[Scraped caption text data]
-*-

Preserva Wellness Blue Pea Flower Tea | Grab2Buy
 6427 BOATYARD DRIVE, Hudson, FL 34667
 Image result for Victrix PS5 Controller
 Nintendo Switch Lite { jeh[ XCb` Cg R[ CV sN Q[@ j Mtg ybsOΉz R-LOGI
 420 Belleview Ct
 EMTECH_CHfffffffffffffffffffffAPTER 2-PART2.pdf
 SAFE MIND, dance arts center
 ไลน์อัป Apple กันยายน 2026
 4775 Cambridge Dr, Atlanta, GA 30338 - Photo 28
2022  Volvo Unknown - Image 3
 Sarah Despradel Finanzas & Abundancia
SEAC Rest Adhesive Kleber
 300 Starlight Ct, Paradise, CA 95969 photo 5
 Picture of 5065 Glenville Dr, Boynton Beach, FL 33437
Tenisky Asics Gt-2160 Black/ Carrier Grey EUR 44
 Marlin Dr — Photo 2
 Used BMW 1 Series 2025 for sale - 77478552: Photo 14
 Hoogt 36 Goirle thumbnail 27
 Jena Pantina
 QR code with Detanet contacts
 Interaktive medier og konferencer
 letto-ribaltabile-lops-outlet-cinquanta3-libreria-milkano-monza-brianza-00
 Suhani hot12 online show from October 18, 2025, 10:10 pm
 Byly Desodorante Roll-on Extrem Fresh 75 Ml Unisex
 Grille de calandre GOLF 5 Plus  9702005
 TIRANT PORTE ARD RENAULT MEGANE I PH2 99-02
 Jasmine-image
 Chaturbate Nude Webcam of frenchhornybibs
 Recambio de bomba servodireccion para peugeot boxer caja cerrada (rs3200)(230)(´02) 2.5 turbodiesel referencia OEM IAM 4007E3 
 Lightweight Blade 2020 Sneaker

-*-

§ **Problem to solve**
Exactly as they stand, please print the lines from the first line of the records above down to the line that includes "420 Belleview Ct", both of those included and no others.

§ **Answer box**
Preserva Wellness Blue Pea Flower Tea | Grab2Buy
 6427 BOATYARD DRIVE, Hudson, FL 34667
 Image result for Victrix PS5 Controller
 Nintendo Switch Lite { jeh[ XCb` Cg R[ CV sN Q[@ j Mtg ybsOΉz R-LOGI
 420 Belleview Ct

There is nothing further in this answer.